Nach der getragenen Gestose ist eine adäquate Rehabilitation notwendig, da Komplikationen in weiter entfernterer Schwangerschaft auftreten können. Daher ist die Geburt einer vorgeschriebenen monatlichen Untersuchung das ganze Jahr über. Steuert den Blutdruck, den Zustand des zentralen Nervensystems. Laborüberwachung der Nierenfunktion (Urinanalyse) ist ebenfalls erforderlich. Wenn innerhalb von sechs Monaten nach der Entbindung Bluthochdruck und Urinveränderungen noch vorhanden sind, wird der Patient von einem Nephrologen genauer untersucht.

Prävention von Gestose

Die vorbeugende Pflege der Gestose beginnt mit dem ersten Besuch im Büro eines schwangeren Spezialisten. Beobachter von Schwangerschaftsspezialisten haben das Konzept einer "Risikogruppe". Sie werden entsprechend der Wahrscheinlichkeit von bestimmten Komplikationen bei schwangeren Frauen gebildet. In der Regel kommen schwangere Frauen mit erfolglosen Erstgeburten, mit chronischen Krankheiten und kompliziertem Verlauf dieser Schwangerschaft zu solchen Gruppen.

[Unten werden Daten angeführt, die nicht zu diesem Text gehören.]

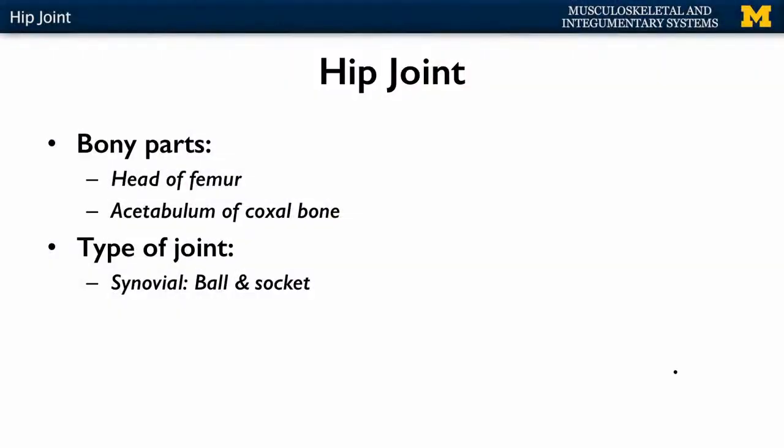Let's continue our discussion of the main synovial joints with the hip joint. The hip joint is another example of a ball and socket joint. The other main one, if we recall, is the shoulder joint.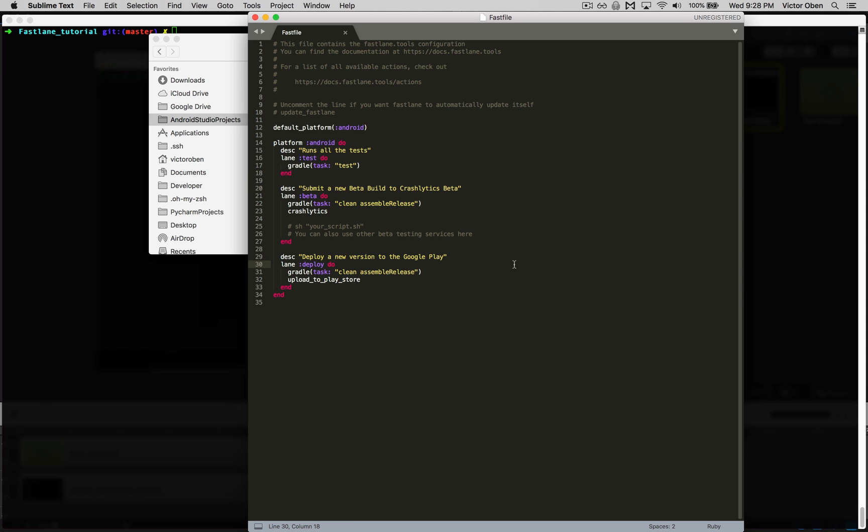That's it for this one. To recap, what we did in this video was install Fastlane and take a look at our app file and fast file. In the next video, we're going to explore how to write our own lane to perform certain actions that are specific to our project.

Ein gewisses Risiko der Gestose besteht bei somatisch gesunden schwangeren Frauen mit schweren Formen der frühen Toxikose, besonders wenn sie während der ersten Hälfte der Schwangerschaft andauert. Einer der erklärenden Gründe für die Gestation der Theorien besagt, dass frühe Toxikose Voraussetzungen für die Bildung von Gestose schafft, wenn es noch unmöglich ist, es zu diagnostizieren.

Wenn die schwangere Frau ein Risiko für die Gestose hat, wird ein persönlicher Vorbeugungsplan erstellt. Sein Inhalt hängt vom Gestose-Risiko ab, das niedrig, mittel und hoch sein kann. Hoch ist das Risiko einer Gestose, wenn die schwangere Frau die 35 Jahre alte Altersgrenze überwunden hat, eine chronische somatische Pathologie, Mehrlingsschwangerschaften und das Vorhandensein von Gestose bei früheren Schwangerschaften aufweist. In der Regel steigt das Gestikulositätsrisiko bei wiederholten Schwangerschaften, da die Kompensationsmechanismen bei jeder nachfolgenden Entbindung erschöpft sind.

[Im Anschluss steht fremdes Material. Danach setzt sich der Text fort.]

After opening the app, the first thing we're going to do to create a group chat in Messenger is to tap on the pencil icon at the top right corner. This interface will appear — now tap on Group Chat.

Je höher das Gestose-Risiko ist, desto länger und umfangreicher sind die vorbeugenden Maßnahmen. Es gibt keine Standardprogramme zur Drogenprävention der Gestose, da die Liste der Medikamente individuell bestimmt wird. Über alle Risiken von Komplikationen der Schwangerschaft und dem Umfang der vorbeugenden Behandlung kann eine schwangere Frau von ihrem Gynäkologen herausfinden.

Am günstigsten ist die Situation, wenn eine Frau, die Mutter werden möchte, zu einem Spezialisten kommt, um die Bereitschaft ihres Körpers für das bevorstehende Ereignis einzuschätzen. Wenn bei der Untersuchung Abweichungen festgestellt werden, erlaubt eine rechtzeitige Behandlung später eine frühzeitige und späte Toxikose zu vermeiden. Es ist besonders wichtig, dies in ähnlicher Weise für Patienten mit chronischen Erkrankungen zu tun.

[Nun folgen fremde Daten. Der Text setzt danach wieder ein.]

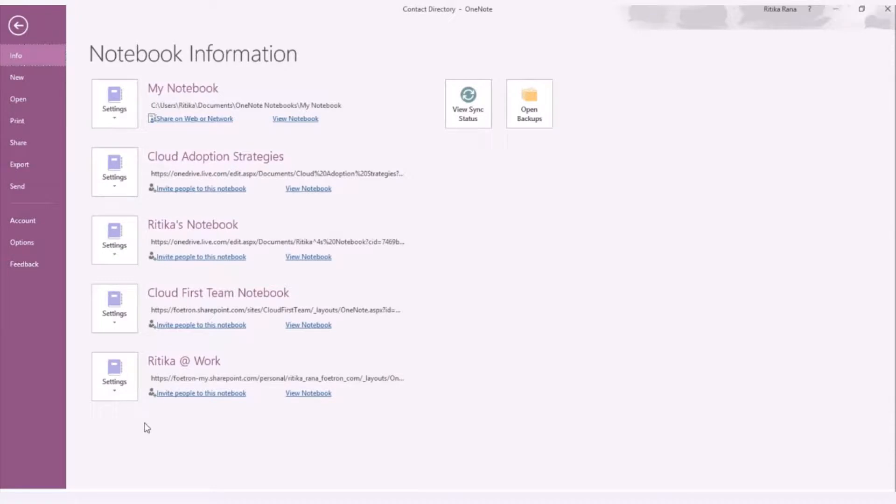OneNote is a tool of Microsoft Office 365 Productivity Suite. It is accessible in two modes, OneNote for desktop and OneNote online. It is a very useful tool for taking instant notes and knowledge curation.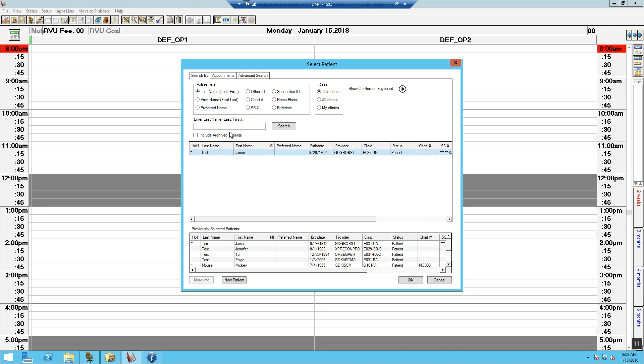Search for the patient in the system. Search by last name, birth date, or social.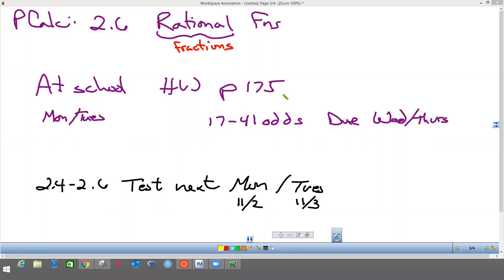This is going to be 2.6 Rational Functions. For the homework on Monday/Tuesday it's page 175, problems 17 to 41 odds. This will be due Wednesday/Thursday when you get back. We are going to have a test the next Monday/Tuesday, which will be 11/2 or 11/3 depending on which cohort group you're with. Go on Canvas on Monday and go to the far right — you need to watch the video for at home first because it has some information we need for the homework today.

Man sollte auch vor dem Hintergrund einer normalen Schwangerschaft nicht vergessen, dass der Organismus, der über seine Grenzen hinausgeht, geschützt werden sollte. Die einfachsten vorbeugenden Maßnahmen sind:

- Angemessener Schwangerschaftsrhythmus. Sogar unter der Bedingung der normalen Gesundheit muss man sich über die Erhöhung der Zeit des Schlafs, die volle Erholung, die Veränderung im Plan für die körperliche Aktivität und die richtige emotionale Stimmung erinnern.

- Mahlzeiten. Sicher, von einigen Nahrungsmittelabhängigkeiten ist es notwendig, sich zu verweigern, die Lieblingsprodukte auf nützlich zu ersetzen.

- Psychologische Ruhe. Stresssituationen müssen ausgeglichen werden.

Die Meinung, dass die Schwangerschaft bei nachfolgenden Schwangerschaften unweigerlich wiederholt wird, ist falsch. Überlebende der Gestose können es trotz der Gefahr nicht haben.